LEVERAGE TO RISE, REMAIN MANAGEABLE: The debt profile is projected to rise slightly over the next five years as roughly half of the CIP is expected to be debt-financed. Elevated reliance on variable rate and short-term debt is mitigated by conservative management, rate setting flexibility and strong liquidity.

STABLE ECONOMY: The economy continues to transition, although manufacturing remains a dominant employment sector. Prospects for continued economic development and diversification are buoyed by an increase in building permits and construction activity and Greensboro's large university presence, educated workforce and transportation infrastructure anchored by Piedmont Triad International Airport (PTIA).

RATING SENSITIVITIES

MAINTENANCE OF STRONG FINANCES: The rating is sensitive to shifts in various credit fundamentals, including maintenance of strong financial metrics. Lower financial margins and/or liquidity coupled with emerging rate sensitivity could pressure the rating.

CREDIT PROFILE

Greensboro is the county seat of Guilford County (general obligation [GO] bonds rated 'AAA'/Stable Outlook by Fitch) and the third largest city in the state with a current population of about 280,000.

STRONG FINANCES UNDERPIN THE 'AAA'

The system's financial profile remains sound, resulting from strong fiscal management and adherence to various financial policies. The system routinely generates strong operating margins (above 40% annually for the past seven years) and robust cash balances that are used to fund a sizable portion of the capital program.

Coverage of senior lien and all-in debt service has historically been above 2.0x, which is the city's policy target. Fiscal 2015 DSC was a robust 2.9x, a slightly better result than previously projected and the 2.6x actual coverage in fiscal 2014. An increase in rates has led to a rise in operating revenues over the past three years while operating expenses and debt service have been fairly stable.

Updated pro forma financials provided by the city show results that are very similar to previous estimates and historical trends. DSC is expected to remain above the 2.0x policy goal providing strong excess cash for capital program funding and a strong liquidity position. Fitch believes this will help mitigate an expected rise in debt burden over time.
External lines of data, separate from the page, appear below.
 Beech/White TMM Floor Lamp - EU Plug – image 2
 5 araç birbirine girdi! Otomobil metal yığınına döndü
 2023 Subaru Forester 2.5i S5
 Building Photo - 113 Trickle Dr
System liquidity remains robust. Unrestricted cash coupled with available capital reserves and renewal and replacement funds provided the system with over 600 days of cash on hand as of fiscal 2015 (in line with Fitch's median). Liquidity is expected to remain strong with the help of projected rate increases ranging between 3% and 5.5% per year over the next several years. Additional assumptions that are built into the financial forecast appear reasonable and include modest customer and population growth rates as well as a 5% annual growth in operating expenses and increased debt service from the expected issuance of additional bonds.

RATES TO RISE, REMAIN AFFORDABLE

The city raised rates annually from 2004 through 2010 before implementing a slight rollback in rates in 2011. The rollback was attributable to receipt of a cash settlement related to one of the wastewater treatment facilities. Rates were again increased from fiscal 2013 through 2016 by an aggregate 16%.
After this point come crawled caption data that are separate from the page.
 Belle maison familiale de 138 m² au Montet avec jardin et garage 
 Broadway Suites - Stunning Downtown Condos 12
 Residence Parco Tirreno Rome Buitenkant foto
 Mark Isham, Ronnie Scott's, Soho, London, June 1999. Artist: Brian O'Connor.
The average monthly residential bill for combined service for customers living within city limits (covering the vast majority of customers) remains affordable at $66 for 7,500 gallons of water used in 2016, which is equal to about 1.9% of median household income. Most residential customers use closer to 5,000 gallons/month. Greensboro's rates are competitive compared, ranking amongst the lowest in the state.
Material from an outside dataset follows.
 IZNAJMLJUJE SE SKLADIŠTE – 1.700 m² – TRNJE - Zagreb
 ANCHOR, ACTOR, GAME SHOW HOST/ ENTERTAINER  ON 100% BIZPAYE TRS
Additional rate increases are projected to fund the capital plan, although the scope of the increases appears manageable. Fitch believes that the currently below average rates provide adequate cushion to absorb the projected increases without significantly altering rate competitiveness over the next several years.

MANAGEABLE DEBT BURDEN; VARIABLE RATE EXPOSURE

The system's debt burden remains manageable with ratios that are mostly favorable. Outstanding debt per customer was just $1,153 in fiscal 2015, which approximated the 'AAA' median, and debt carrying charges were a modest 17% of 2015 gross revenues. Debt to net fixed assets has declined to 38% but remains elevated relative to the 'AAA' median.

Principal amortization is accelerated with 60% of outstanding debt (after issuance of the 2016 bonds) retired in the next 10 years and 94% in 20 years. The debt burden is expected to rise slightly due to anticipated borrowings over the next few years but remain manageable, with most debt metrics approximating the medians for similarly rated systems.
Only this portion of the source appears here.